Of course, all the painting, composing, hosting, and travel don’t leave a lot of time for frivolity, but when Kostabi gets a moment, his favorite museums are the heavy hitters: the Met, MoMA, and the Guggenheim. His culinary dabbling stays pretty local: As favorites he cites Le Zie, Spicy Moon, Tziki, and Elmo, as well as Emilio’s Ballato, Cafe Fiorello, and Trattoria dell’Arte, the latter two displaying a wide range of Kostabi’s work.
His work is also part of the permanent collection of those three aforementioned museums, but he has yet to have a major solo show at any of them. So that remains a bucket-list ambition, along with a dream “to write at least one international [music] standard—something that the accordion players of Rome, who serenade outdoor diners, include in their rotation, along with “Volare” and the theme from The Godfather.” A lofty goal, perhaps, but not one that seems out of reach.
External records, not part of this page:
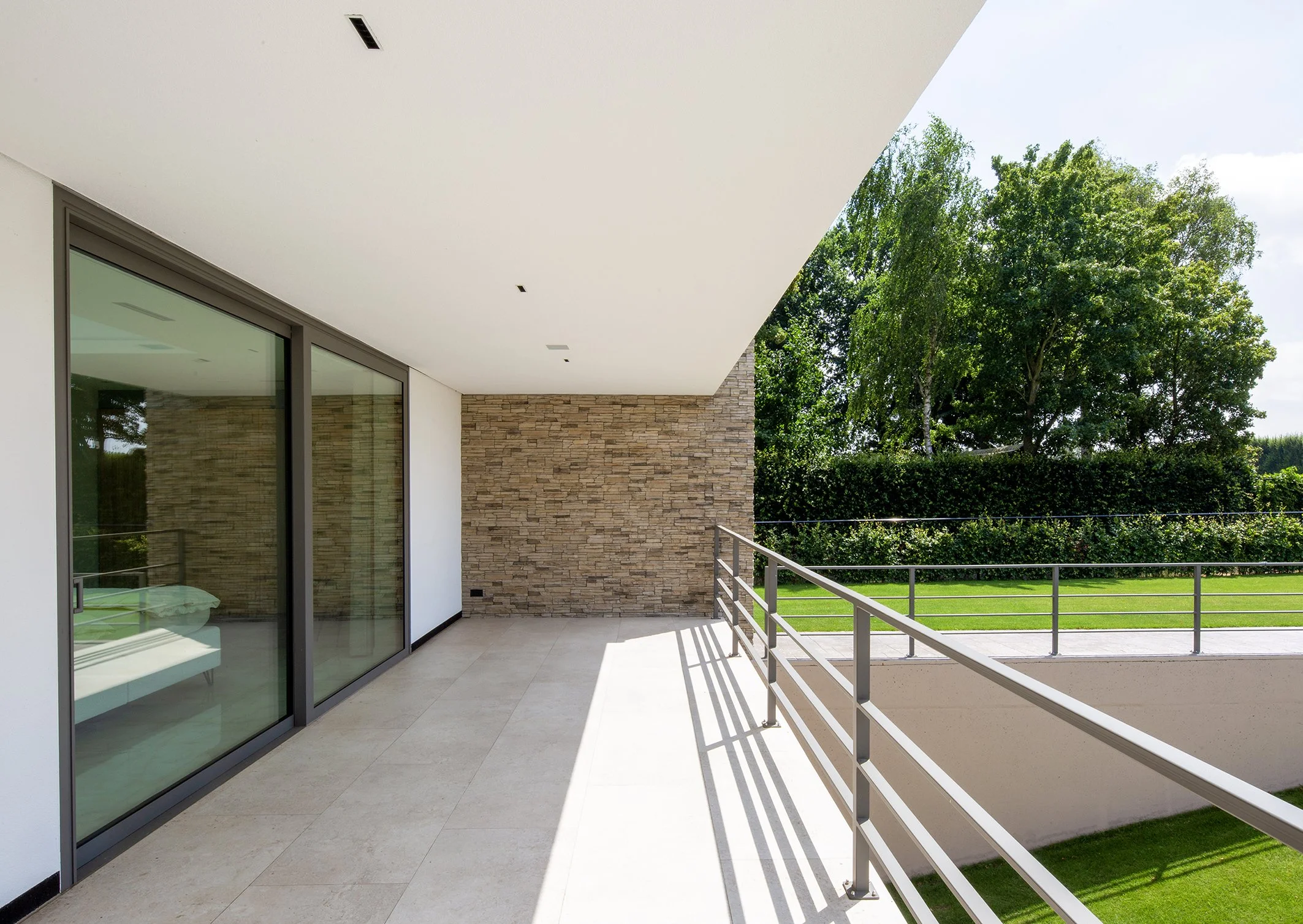 Een modern balkon met glazen deuren, een muur van bakstenen en een groene tuin, met een witte plafond en een metalen railing.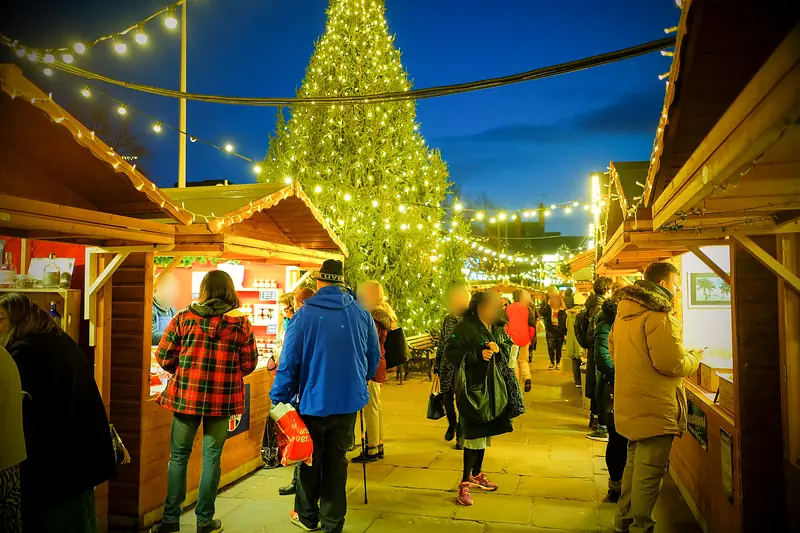 Christmas Market stalls and a lit Christmas tree at dusk by the Town Hall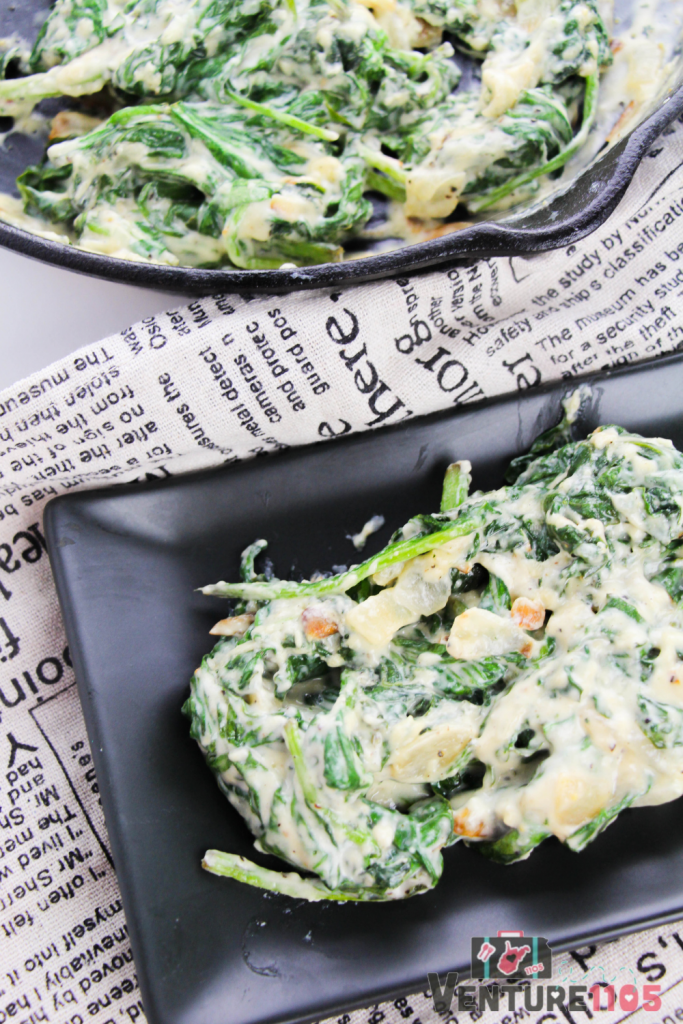 Creamed spinach on a black plate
Until then, he has a show at the prestigious Park West Gallery in SoHo, which opened April 17, with prices for pieces ranging from $4,500 up to six figures. Greg Young at Park West affirms the show will remain on display at least until the end of May.
The painter Mark Kostabi has a musical ambition: “to write at least one international [music] standard—something that the accordion players of Rome, who serenade outdoor diners, include in their rotation, along with “Volare” and the theme from The Godfather.”